▸ DIRECTIONS
Leave out all lines before the one containing "Used Hyundai Mistra", and copy that line and all the rest below it exactly.

▸ INPUT DATA
*** Begin section ***
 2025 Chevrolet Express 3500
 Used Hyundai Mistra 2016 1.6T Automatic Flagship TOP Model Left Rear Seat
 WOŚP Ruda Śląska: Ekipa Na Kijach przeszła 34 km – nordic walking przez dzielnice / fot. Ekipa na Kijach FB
*** End section ***
▸ SOLUTION TO THIS PROBLEM
 Used Hyundai Mistra 2016 1.6T Automatic Flagship TOP Model Left Rear Seat
 WOŚP Ruda Śląska: Ekipa Na Kijach przeszła 34 km – nordic walking przez dzielnice / fot. Ekipa na Kijach FB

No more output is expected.